Leaving out any pictures, print the entries that follow exactly as they stand.

(Records from a data collection)
======
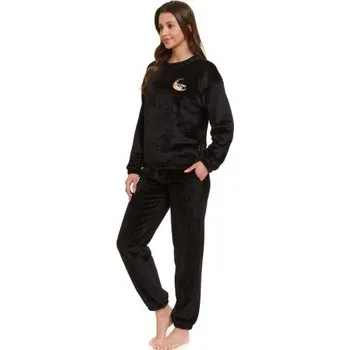 Dámské pyžamo Dámské pyžamo Doctor Nap PM 5209 - huňaté Černá XL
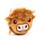 Highland Coo Cow Mini Change Plush Purse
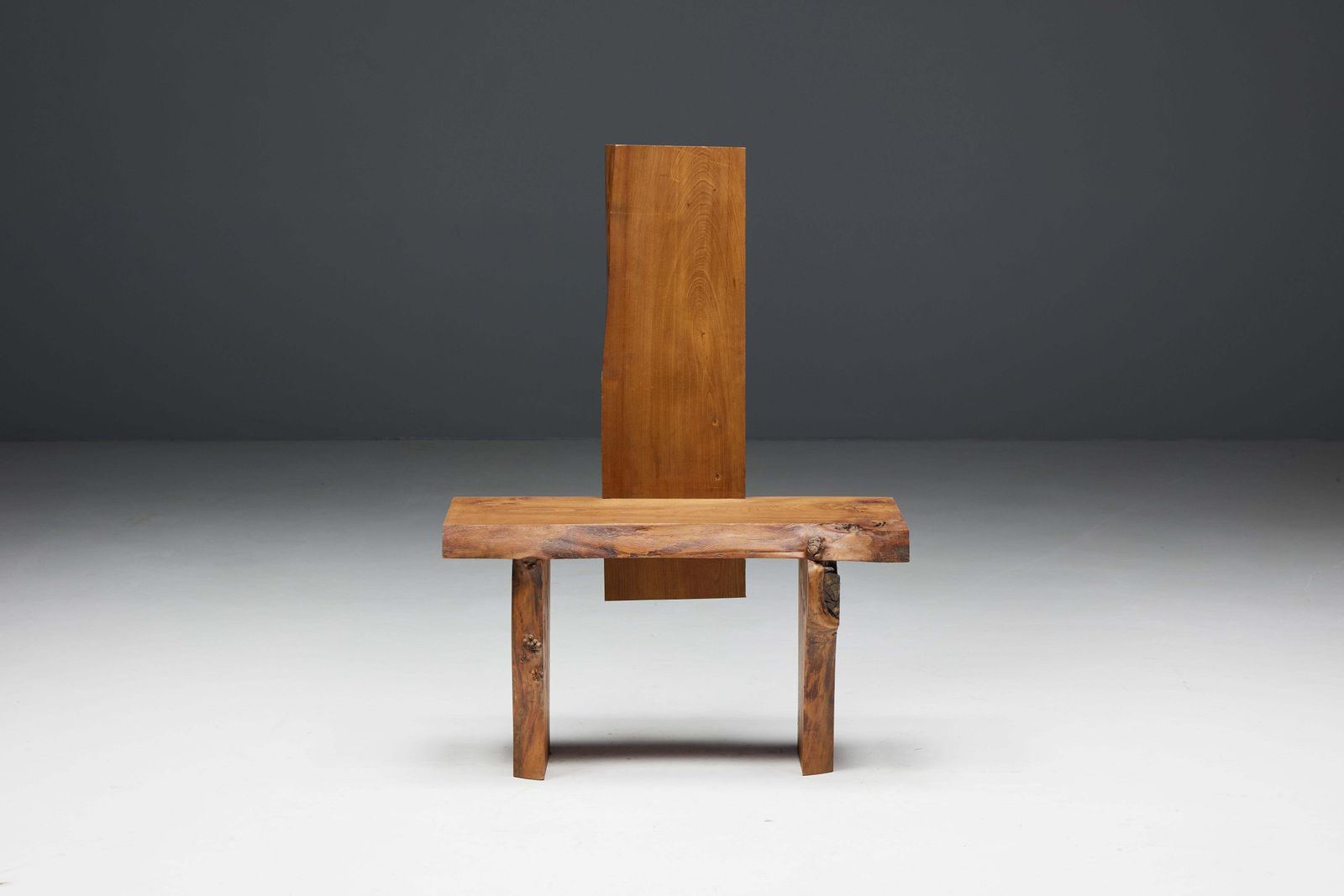 Brutalist Monoxylite Chair, France, 1950s photo furniture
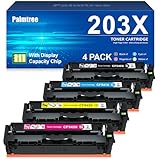 Palmtree 203X 203A Toner Kompatibel für HP 203X 203A CF540X für HP M281fdw Toner für Color Laserjet Pro M281fdw M254dw M254nw M281fdn M280nw M281cdw M254dn Schwarz Cyan Gelb Magenta 4-Pack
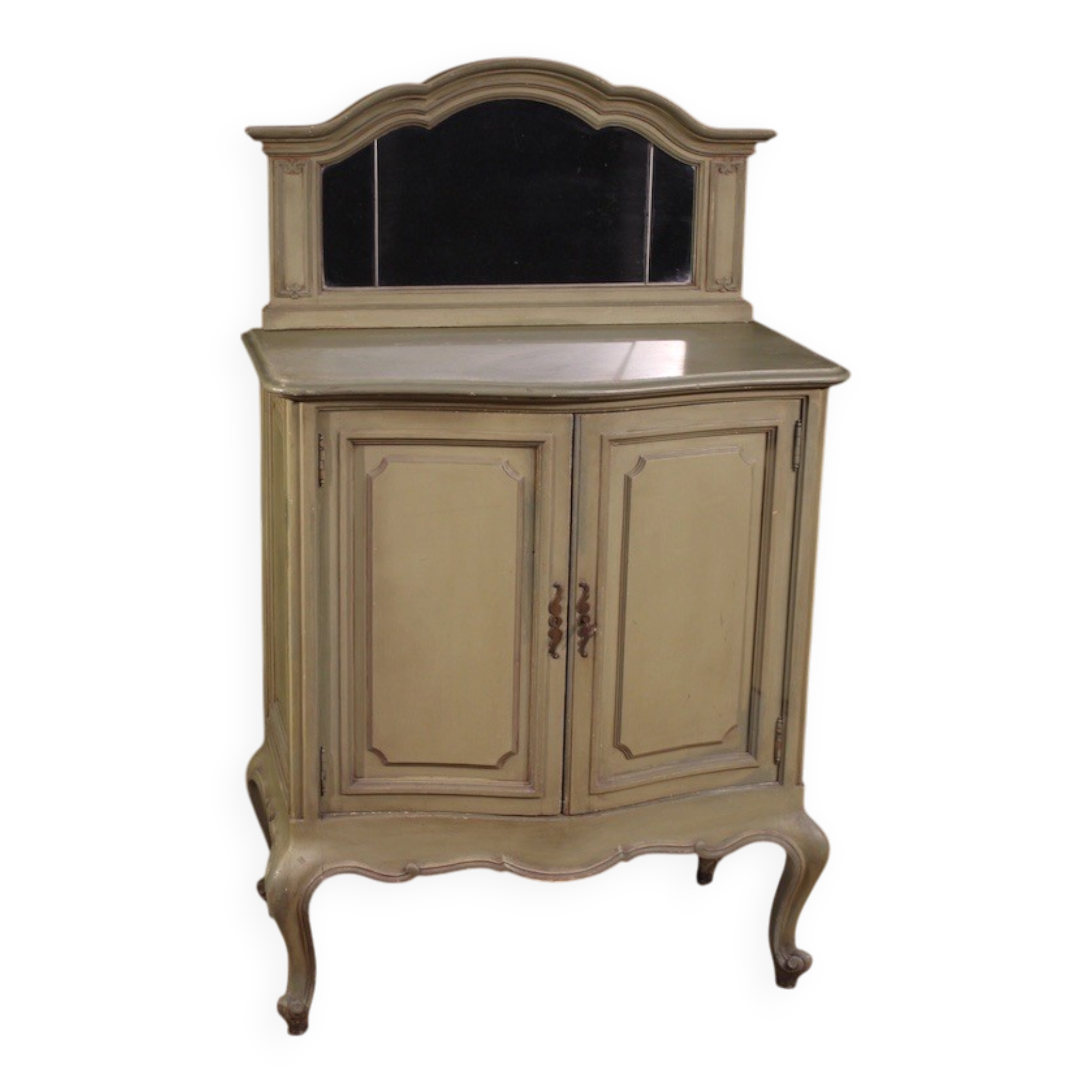 Buffet laqué italien du 20e siècle avec miroir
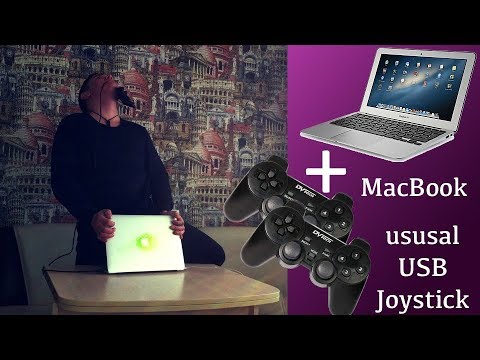 Как подключить обычный джойстик к Макбук (бомж версия) / How connect usual joystick l GamePAD to Mac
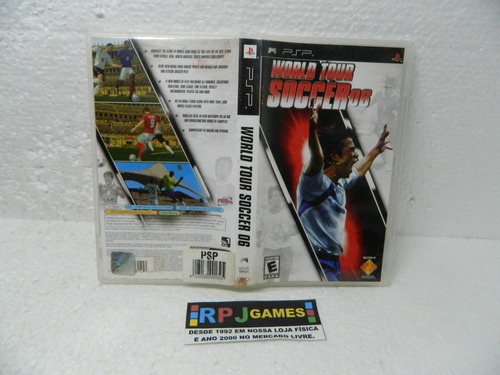 World Tour Soccer 06 Original Completa P/ Psp - Loja Rj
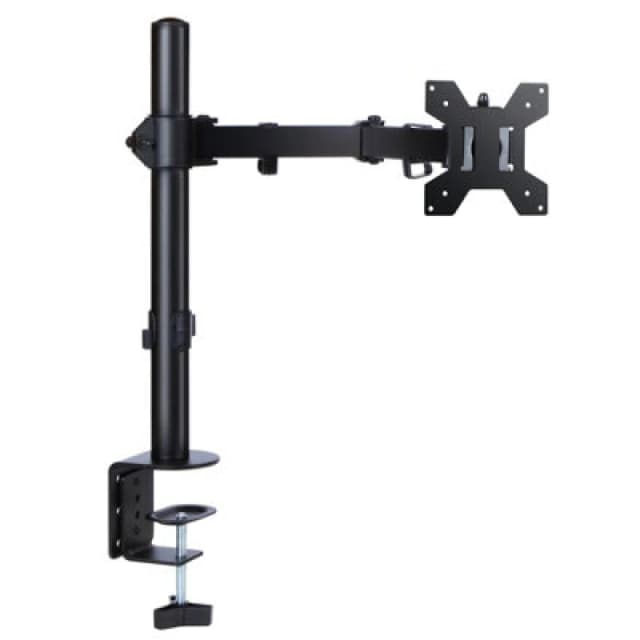 Futura Single Monitor Desk Mount Arm For 13 To 32" Screens - Monitor Desk Mount With Clamp 90 Tilt, 360 Rotation & 180 Swivel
======
→ **ANSWER FOR THE TASK**
 Dámské pyžamo Dámské pyžamo Doctor Nap PM 5209 - huňaté Černá XL
 Highland Coo Cow Mini Change Plush Purse
 Brutalist Monoxylite Chair, France, 1950s photo furniture
 Palmtree 203X 203A Toner Kompatibel für HP 203X 203A CF540X für HP M281fdw Toner für Color Laserjet Pro M281fdw M254dw M254nw M281fdn M280nw M281cdw M254dn Schwarz Cyan Gelb Magenta 4-Pack
 Buffet laqué italien du 20e siècle avec miroir
 Как подключить обычный джойстик к Макбук (бомж версия) / How connect usual joystick l GamePAD to Mac
 World Tour Soccer 06 Original Completa P/ Psp - Loja Rj
 Futura Single Monitor Desk Mount Arm For 13 To 32" Screens - Monitor Desk Mount With Clamp 90 Tilt, 360 Rotation & 180 Swivel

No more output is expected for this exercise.